CHINA has cut a subsidy for solar projects under a demonstration program this year by more than 20 percent to reflect falling costs of photovoltaic system installations.

The government will offer 5.50 yuan (87 US cents) per watt for the combined capacity of 1.71 gigawatts approved for this year under the Golden Sun program, according to a statement on the central government's website yesterday. It earlier proposed to offer 7 yuan per watt this year.

"This is a bit surprising," said Liu Wenping, an analyst at investment research firm Pacific Epoch. "The lower subsidy may reflect that developers had been very enthusiastic in applying for projects while the government's total subsidy was already set."

Engineering, procurement and construction contractors typically ask for 8 yuan to 10.50 yuan per watt for solar projects today, Liu said.

Governments globally are slashing benefits enjoyed by solar installers as panel prices fall because of slowing demand in traditional markets like Europe.

Golden Sun was launched in 2009 to facilitate the development of China's solar power industry and aims to cover 50-70 percent of the investment in solar installations. Developers must meet certain requirements in capacity, scale and capital to qualify for the subsidy.

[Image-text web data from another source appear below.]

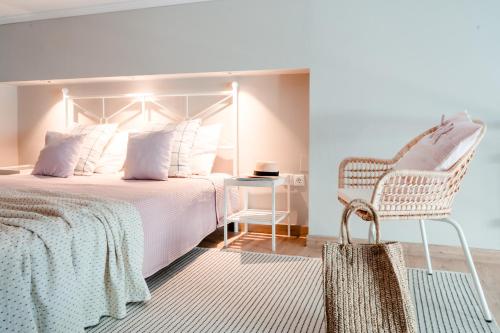 Ένα ή περισσότερα κρεβάτια σε δωμάτιο στο Beachfront apartment at Neorio Beach
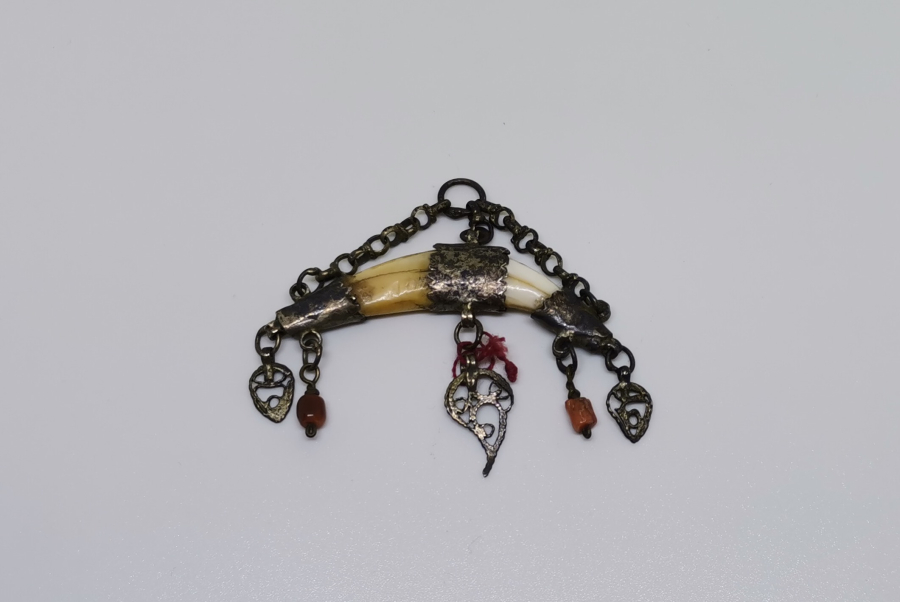 OSMANLI DÖNEMİ ÇOK NADİR KURT DİŞİ VE MERCAN TAŞLARIYLA SÜSLÜ ANADOLU ŞAMAN KÜLTÜRÜ KOLYE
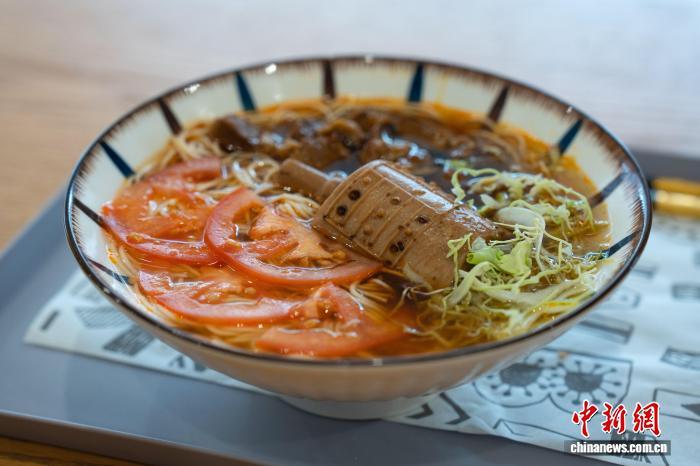 12月10日，湖北省博物馆推出的编钟卤蛋牛肉面吸引游客尝鲜。郑子颜 摄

Meanwhile, Cao Min, chief financial officer of Nasdaq-listed JA Solar Holdings, yesterday said the solar industry may see improved prospects in the second half of 2012 or the first half of next year due to industry consolidation and improving demand.

JA Solar signed a strategic R&D tie-up yesterday with the Shanghai Institute of Technical Physics of the Chinese Academy of Sciences.

In January, the National Energy Administration said China plans to double its solar power capacity in operation by installing 3 gigawatts this year.